>>>>

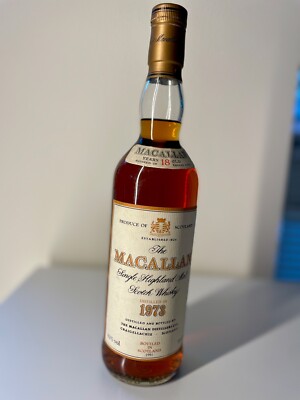 Macallan 1973 - 18 Years - Sherry Oak - Haarriss im Flaschenhals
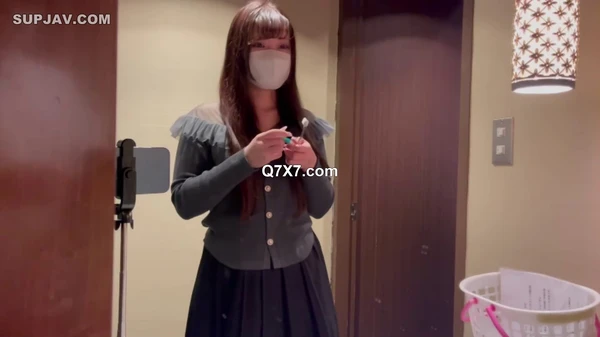 [HD 1080p] FC2-PPV-4534827 [业余奇闻趣事 #017] 类似于“Meru”的 JD，全身都有性感带，甚至可以触摸她的乳头。如果你被电动按摩器击中，你就有大麻烦了。当我们第一次见面时，我们深夜带他去了一家情趣如家酒店，并第一次发生了性行为。 [包含评论奖金]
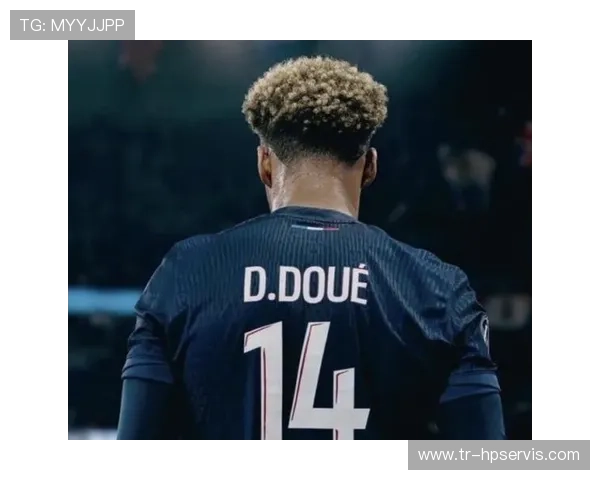 萨福诺夫复盘失球全队祝贺杜埃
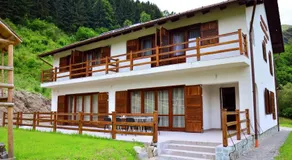 Pensiunea Valea Pinului - Image 2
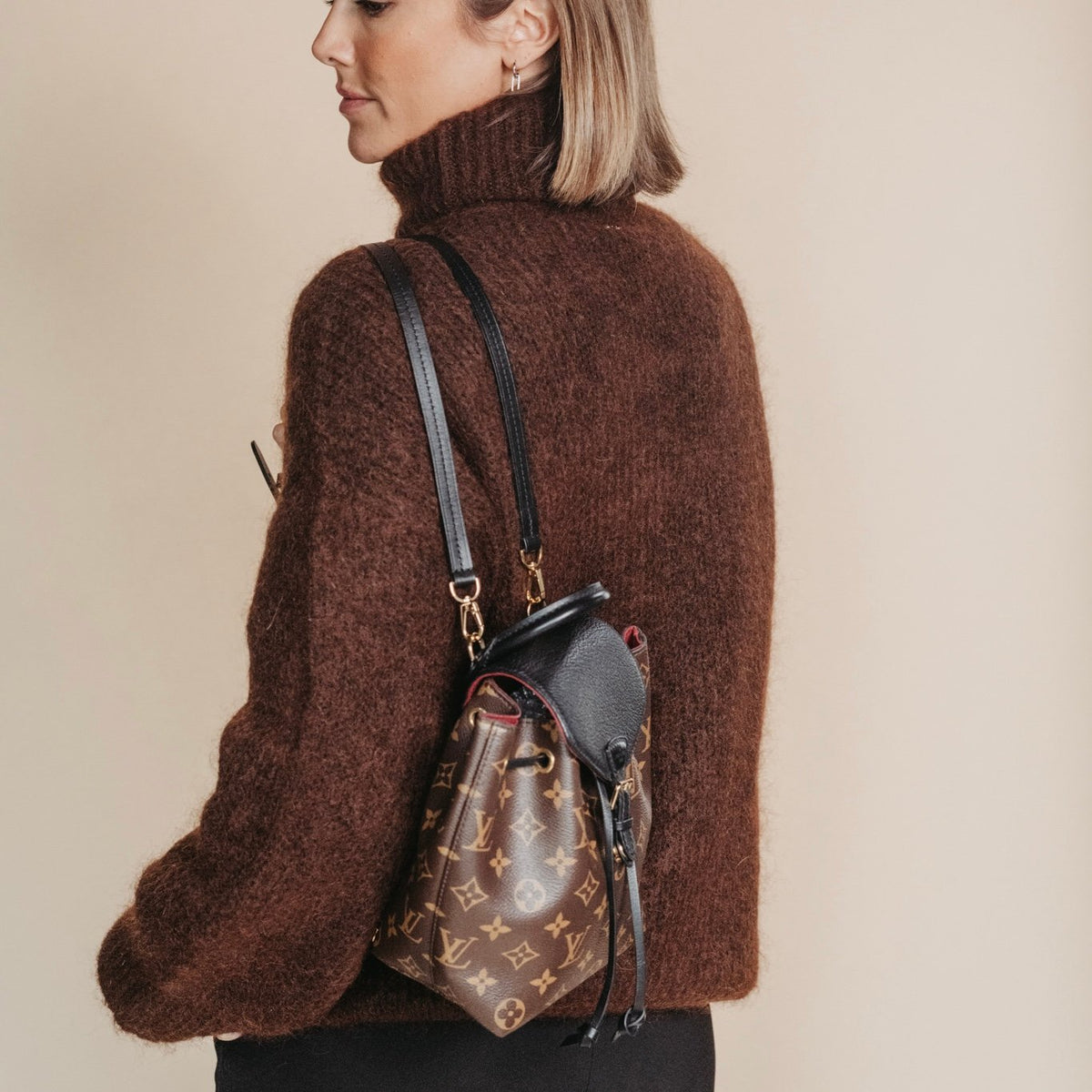 Louis Vuitton Montsouris BB monogram rugzak gedragen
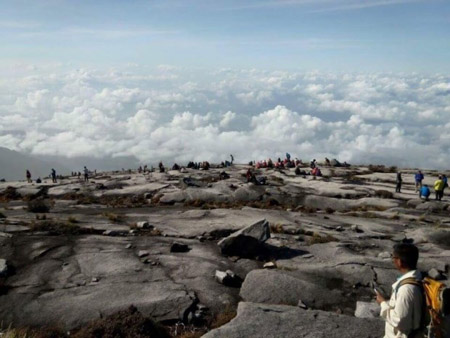 Những người leo núi bị mắc kẹt trên núi Kinabalu sau trận động đất.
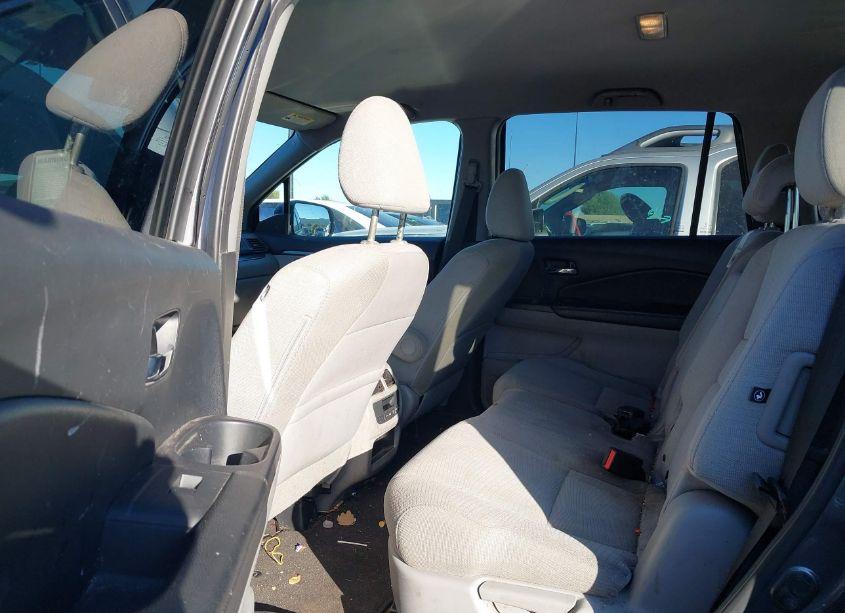 Photo 8 of 2017 Honda Pilot EX (VIN 5FNYF5H31HB001684)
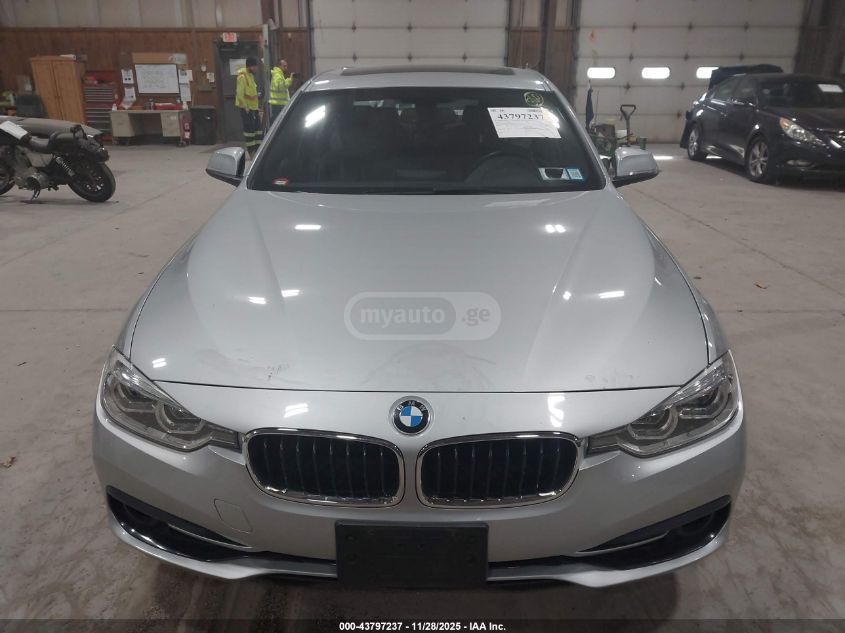 BMW 330 2018 — photo 2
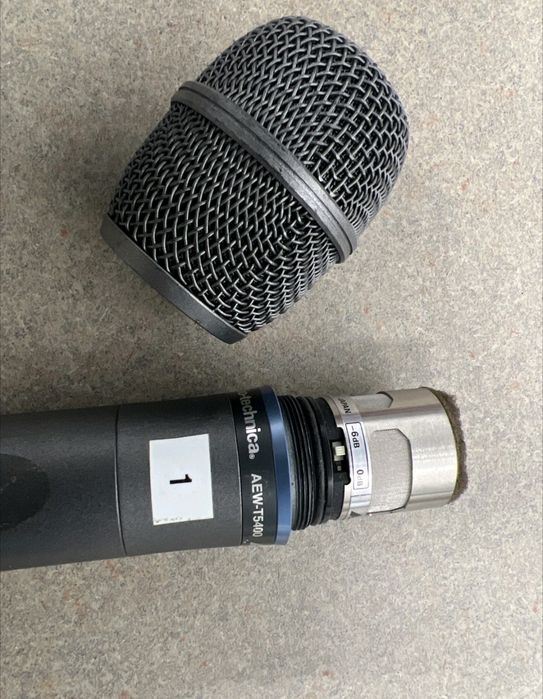 Shure UC24/SM87. Audio-Technica AEW R4100/T5400.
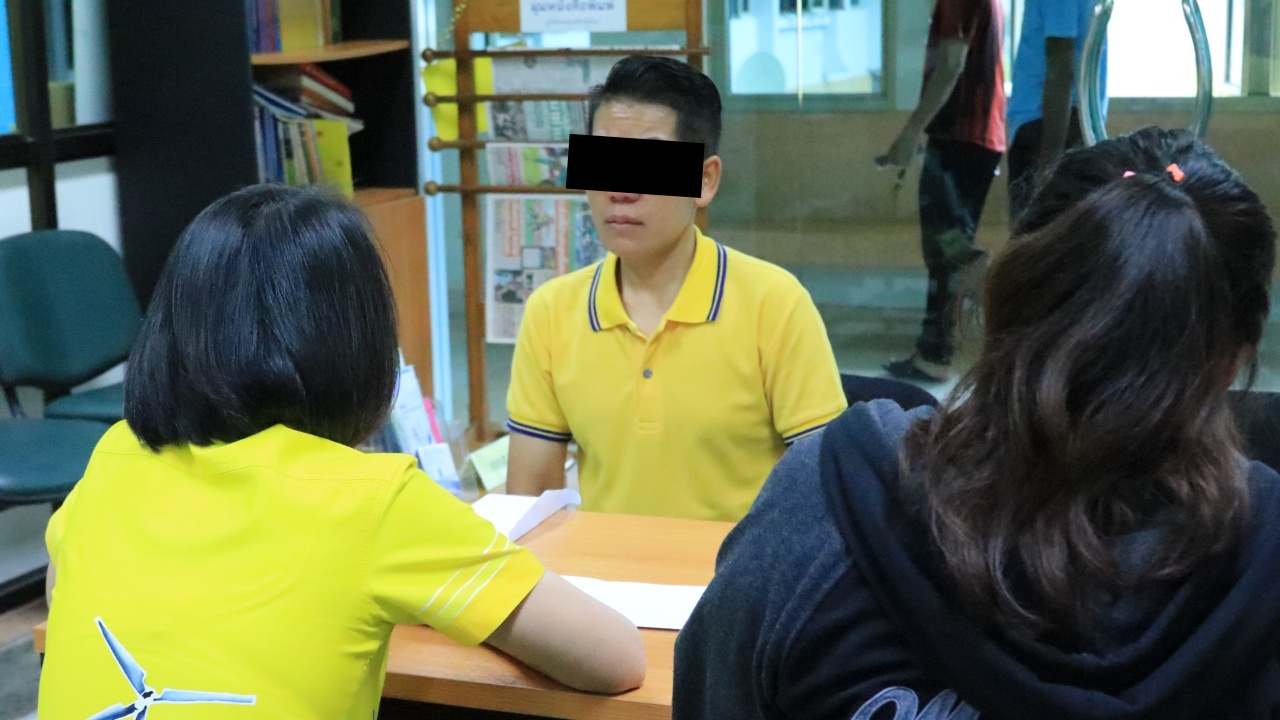 ครูสาวหอบความช้ำ แฉ ผอ. บังคับเป็นทอม แอบคบ 10 ปี สุดท้ายบีบให้ลาออก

<<<<

#### WHAT THE EXERCISE ASKS
Every line from the one bearing "Photo 8 of 2017" through the end of the data above must be output exactly, and no picture may appear.

#### RESULT
 Photo 8 of 2017 Honda Pilot EX (VIN 5FNYF5H31HB001684)
 BMW 330 2018 — photo 2
 Shure UC24/SM87. Audio-Technica AEW R4100/T5400.
 ครูสาวหอบความช้ำ แฉ ผอ. บังคับเป็นทอม แอบคบ 10 ปี สุดท้ายบีบให้ลาออก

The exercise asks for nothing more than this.